- **PROBLEM REQUIREMENTS**: Could you please write out each line of the records exactly, minus the pictures?
※
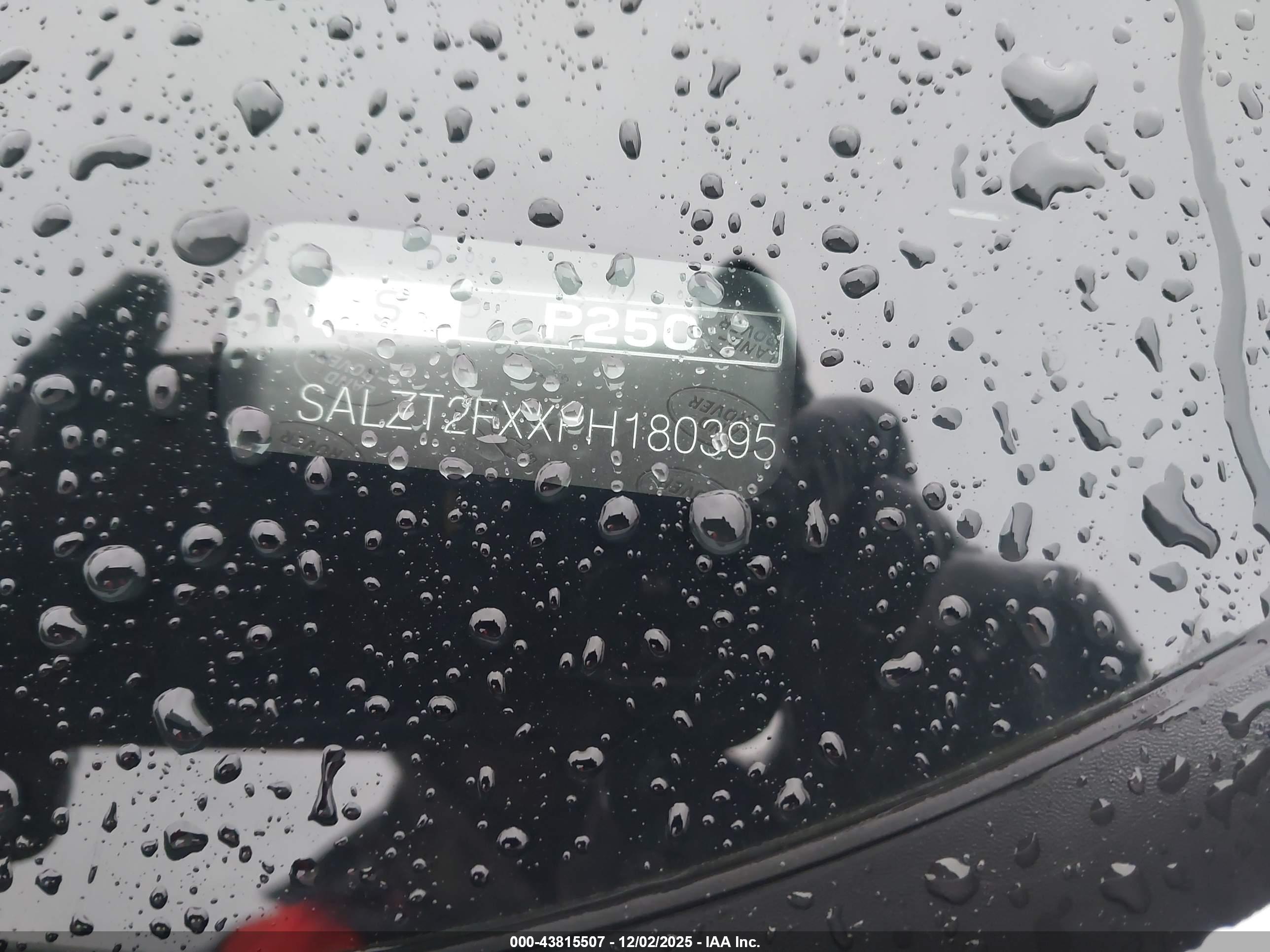 LAND ROVER image 9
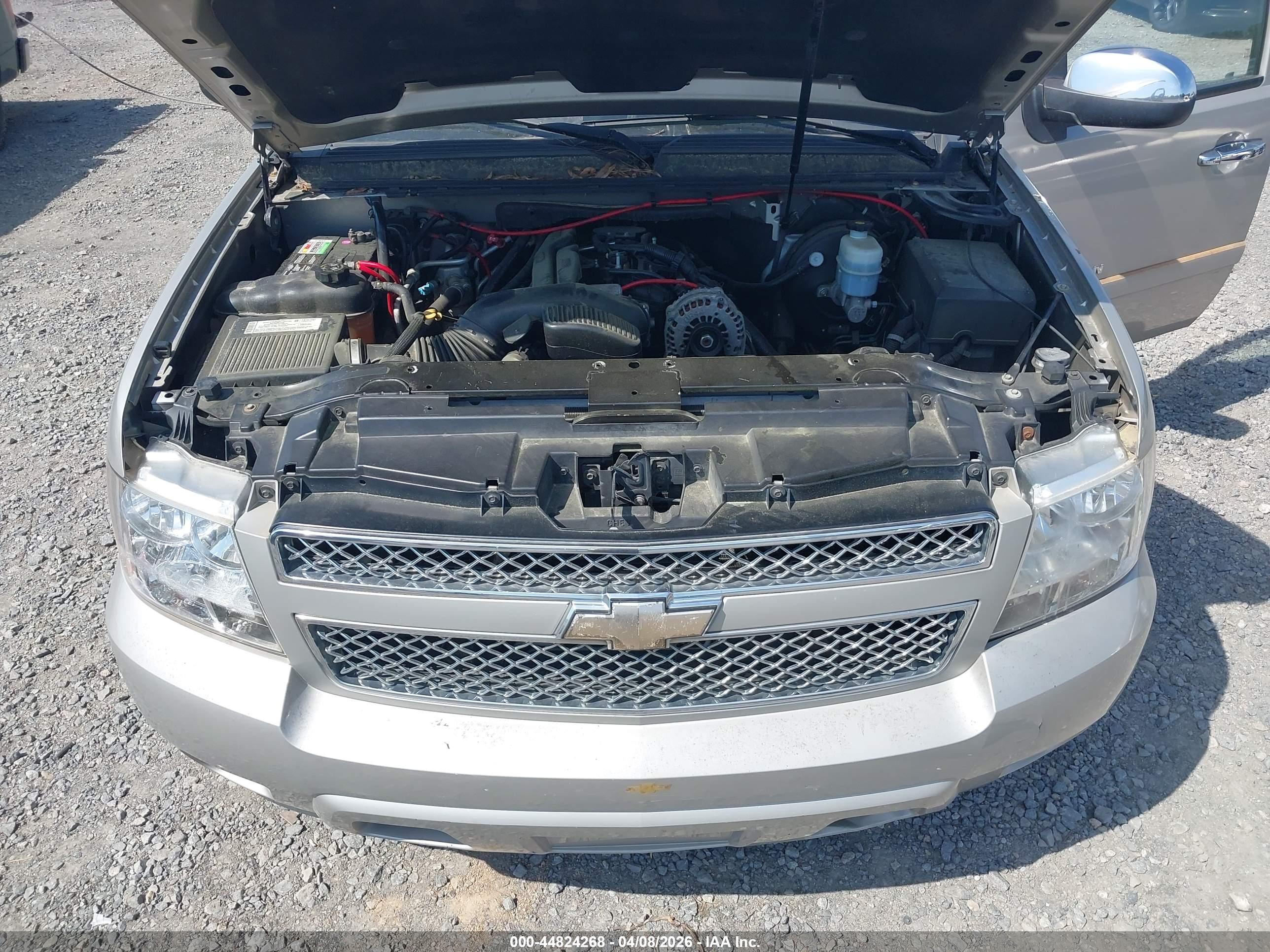 CHEVROLET SUBURBAN image 10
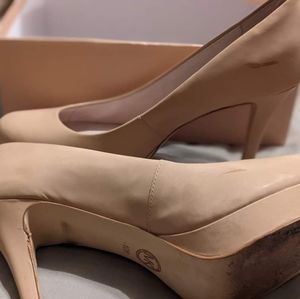 Nude Michael Kors pumps size 10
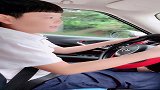 袖珍二蛋带杨萍出去游玩，看把她开心的，网友：感情真好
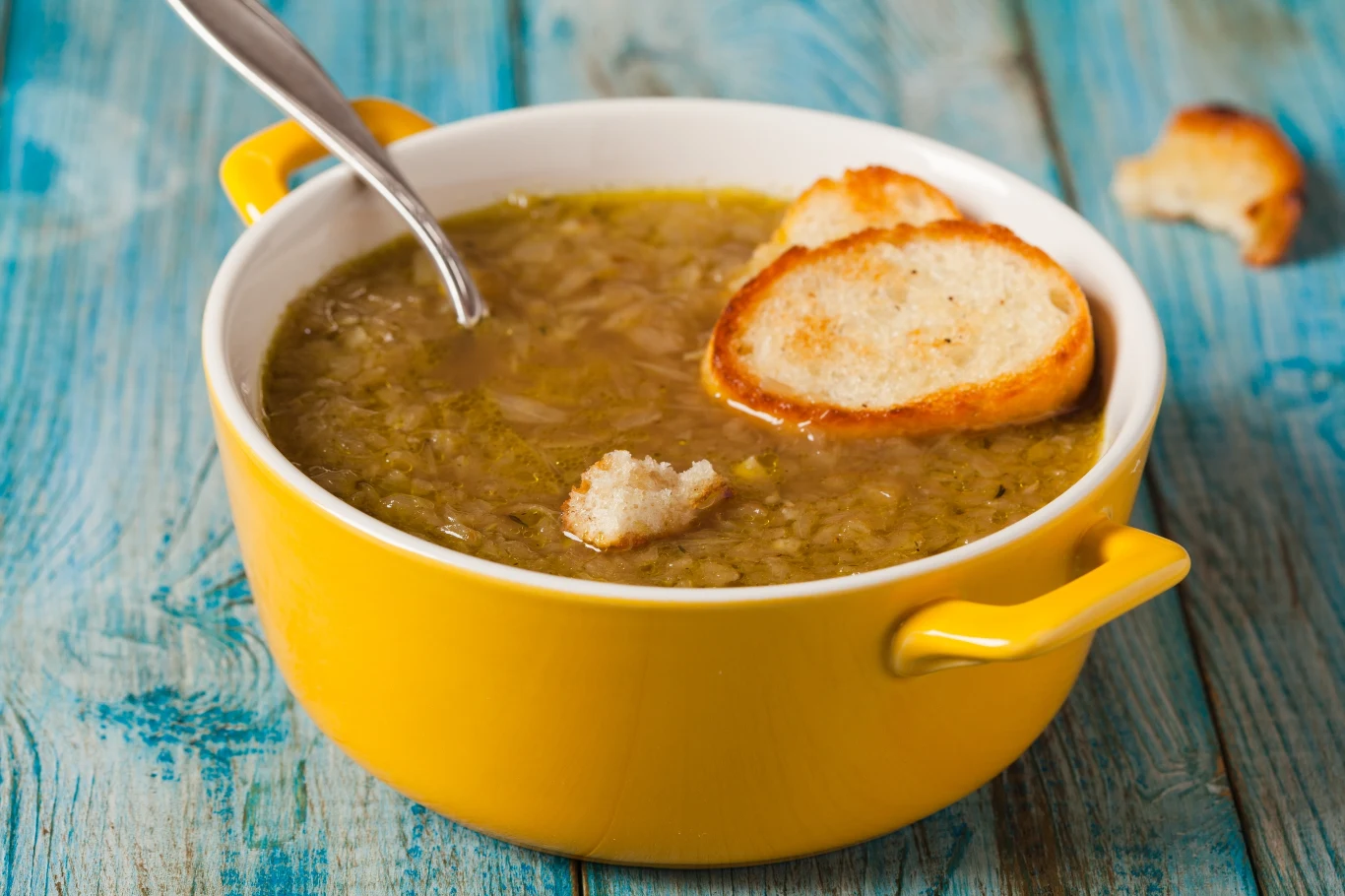 Zupa cebulowa to doskonały sposób na przeziębienie Zupa cebulowa to doskonały sposób na przeziębienie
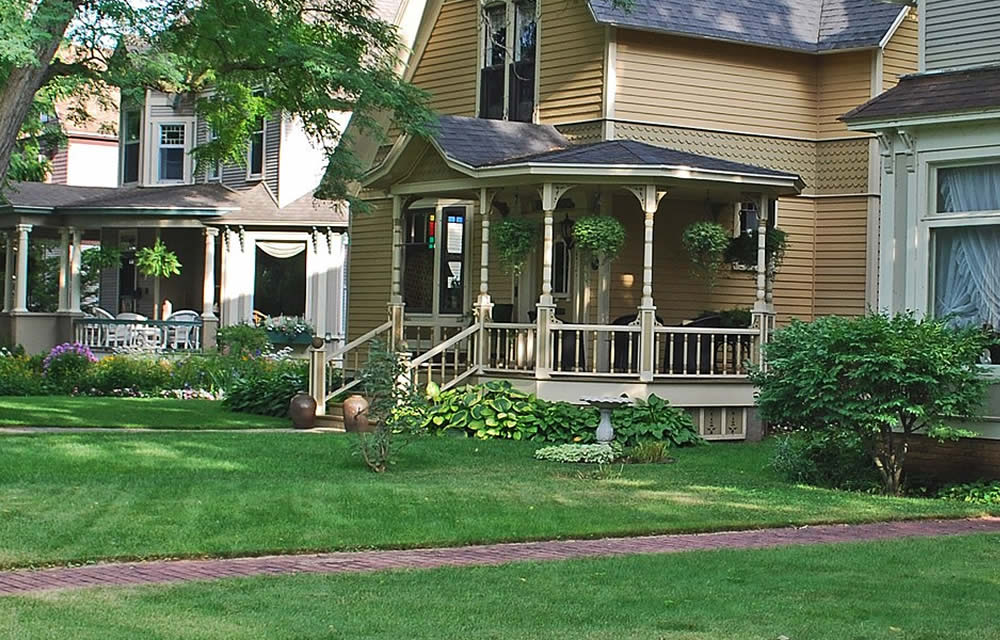 Professional Local Lawn Care Services Kalamazoo Michigan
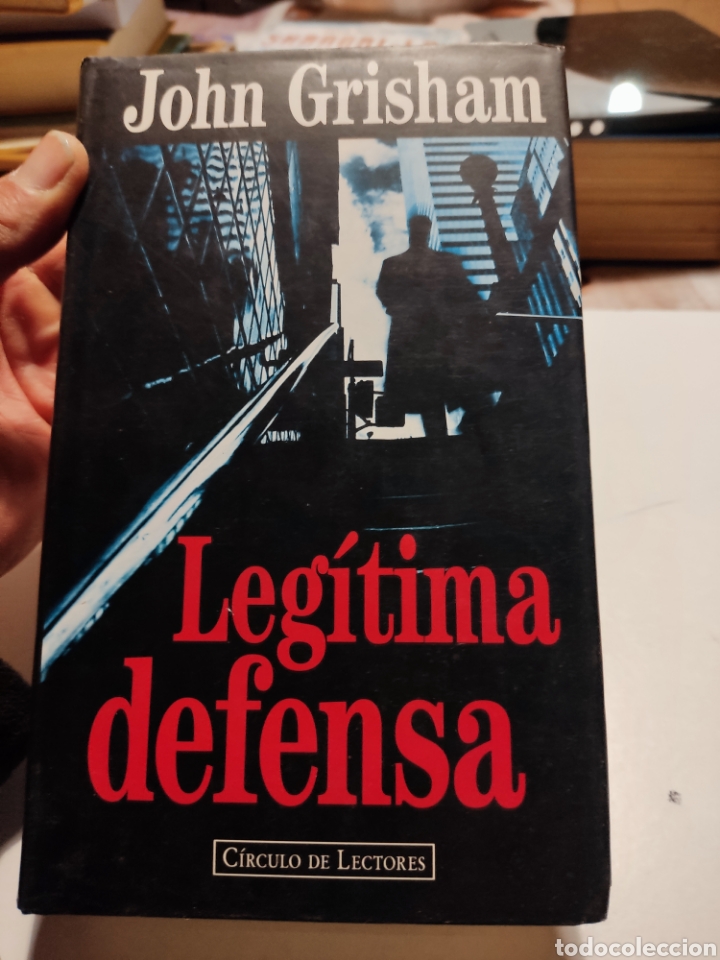 Libros de segunda mano: Libro leg&iacute;tima defensa de John Grisham - Foto 1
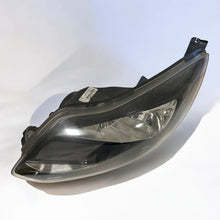 Laden Sie das Bild in den Galerie-Viewer, Frontscheinwerfer Ford Focus III BM51-13W030-CK Links Scheinwerfer Headlight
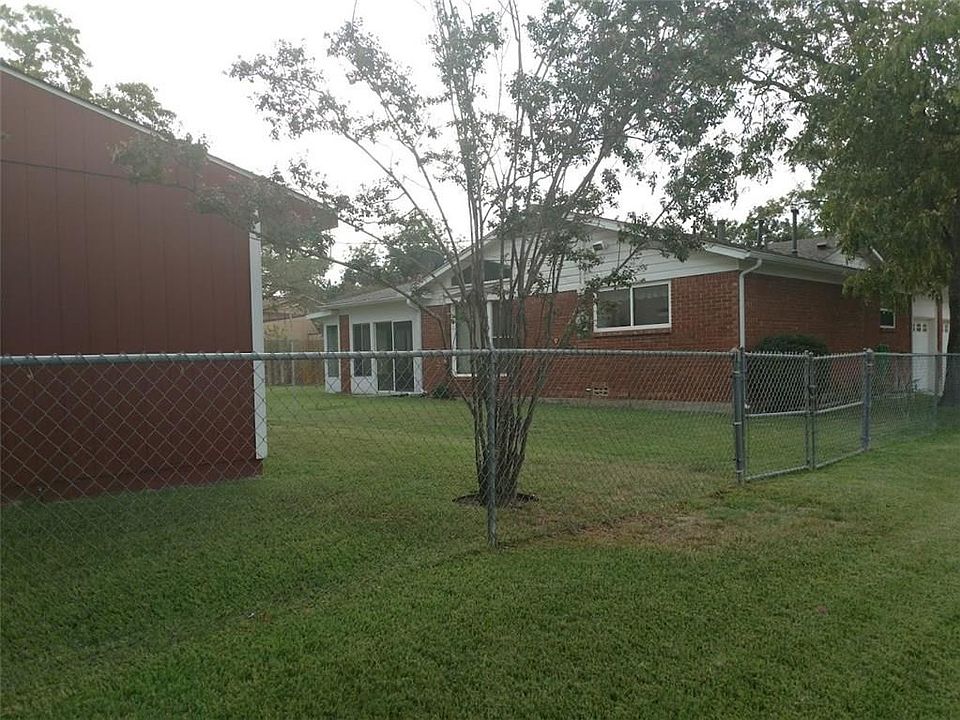 2nd image of 6074 Douglas St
※
- **ANSWER BOX**:
 LAND ROVER image 9
 CHEVROLET SUBURBAN image 10
 Nude Michael Kors pumps size 10
 袖珍二蛋带杨萍出去游玩，看把她开心的，网友：感情真好
 Zupa cebulowa to doskonały sposób na przeziębienie Zupa cebulowa to doskonały sposób na przeziębienie
 Professional Local Lawn Care Services Kalamazoo Michigan
 Libros de segunda mano: Libro leg&iacute;tima defensa de John Grisham - Foto 1
 Laden Sie das Bild in den Galerie-Viewer, Frontscheinwerfer Ford Focus III BM51-13W030-CK Links Scheinwerfer Headlight
 2nd image of 6074 Douglas St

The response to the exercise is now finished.